Yeni Şafak yazarı Bercan Tutar bugün “Çiçerolara itirazım var!” başlıklı yazısında ilginç teşhislere yer verdi. “Yerli oryantalist” dediği Fehmi Koru’nun Gülenciler’in safına geçtiğini yazan Tutar, aynı safta “Ak-Babalar” ve Doğanlar” olduğuna da dikkat çekti. Yazısından bir bölüm şöyle:
BATI’NIN GÖNÜLLÜ ASKERLİĞE SOYUNAN KİMİ “MÜSLÜMAN KALEMLER”
İngiltere, 1930’lu yıllarda 300 milyonluk Hindistan’ı 60 bin asker, 90 bin işadamı/misyoner ve 4 bin devlet memuruyla işgal etti.
Nedense devasa orantısız güce rağmen Hintliler, ülkelerini sömürmek isteyenlere karşı direnişe geçemedi.
Edward Said, “Kültür ve Emperyalizm” adlı kitabında Hintlilerin, düşmanı kovamamalarının nedenini yönetici ve aydınların “oryantalize oluşlarına” yani İngilizleri üstün görmelerine bağlar.
Ne yazık ki bu oryantalize olma travması, bugün ülkemizde daha ileri aşamalara ulaşmış halde.
Bakıyorsunuz Batı’nın gönüllü askerliğine soyunan kimi ‘Müslüman kalemler’ sömürgeci zihniyet adına bu ülkenin Cumhurbaşkanı’na küstahça saldırabiliyor.
YERLİ ORYANTALİST FEHMİ KORU
Örneğin son yazdıklarıyla adeta “yerli bir oryantaliste” dönüşen Fehmi Koru, Cumhurbaşkanı Erdoğan’a oy verenleri “Batılılaşmamış yoksullar” diye aşağılayıp seçim sonuçlarını “Yeni bin yılın Selahaddin’i durduruldu” şeklinde yorumlayan Batı medyasını bile solladı.
Hatta “daha aşağı” bir zaviyeden konuşmaya başladı.
Öyle anlaşılıyor ki Koru’nun zihni aidiyetindeki kültürel ve siyasi kimlik krizi oldukça derinleşmiş.
Yoksa O ve diğer “Batılı Korucular”ın hadlerine mi halkın yüzde 52 oy verdiği Erdoğan’ın meşruiyetini sorgulamak?
KORUGİLLER VE MEDYADAKİ AK-BABALARI
Eğer Korugiller ve onların medyadaki AK-Babaları birer yerli oryantaliste dönüşmeseydi İsrail, İngiliz ve Amerikalılara rahmet okutacak şekilde “Erdoğan’ı Beştepe’den alın Çankaya’ya hapsedin” tarzı bir çirkinliğe imza atılabilir miydi?
Unutmayalım, sömürgeci zihniyet bu ülkeye ve halkına nefret duyanların “makro ideoloji” sidir.
Yakasını bu ideolojiye kaptırmış isimlerin dile getirdiği bütün yol haritaları da çözümler de bu nedenle sadece Roma’ya çıkar.
Tanpınar‘ın dediği gibi “Tarih hiçbir halkı mahkûm etmez.

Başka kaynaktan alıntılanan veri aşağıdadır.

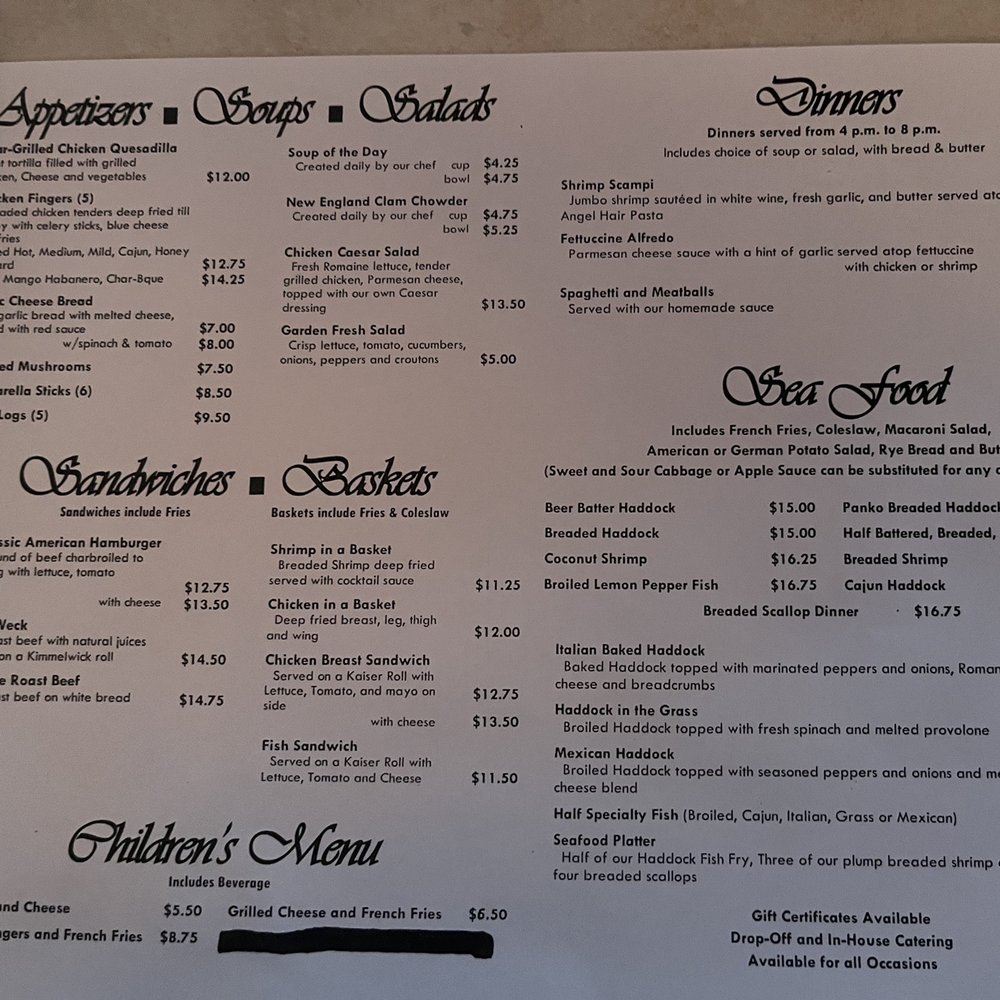 Bellevue Hotel - Menu - American Near Me - Buffalo, New York Bellevue Hotel - Menu - American Near Me - Buffalo, New York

Onun yerine aydınlar ve yöneticilerini yargılar.”
Bu anlamda, Korugillerin varacağı son menzil ruhsuz, paragöz, köksüz, inançsız, duygusuz ve hain damgası yiyen Damat Ferit Paşa ve Diyap Ağaların yurdu olacaktır, Akiflerin değil.
GÜLENLER’İN SAFINA GEÇEN KORUGİLLER, AK-BABALAR VE DOĞANLAR
Bu halk, Erdoğan’a destek vererek Batı’yla aynı frekanstan yayın yapan yerli oryantalistlerin foyasını meydana çıkardı.
Batı’da “Siyasal İslam’ı” bir seçenek ve umut olmaktan çıkarmak için devreye sokulan stratejiler, bugün “Erdoğan düşmanlığı” ile sembolize ediliyor.
Eğer Erdoğan, Müslüman bir ülkeyi kalkındırıp onu bölgesi ve İslam dünyası için ilham kaynağı haline getirme “suçunu” işlemeseydi, hedef tahtasına dönüşmeyecekti.
Çünkü bir “siyah kuğu” işlevi gören Erdoğan , İslam medeniyetini “terörle” özdeşleştirip saf dışı bırakmak isteyenlerin küresel senaryosunu bozuyor.
Ama gel gör ki, Gülenler’in safına geçen Korugiller, AK-Babalar ve Doğanlar bu sömürgeci zihniyetin ocağına odun taşımakta bir beis görmüyor/görmedi.
Hem de “üç kuruşluk zahmetiye” karşılığında.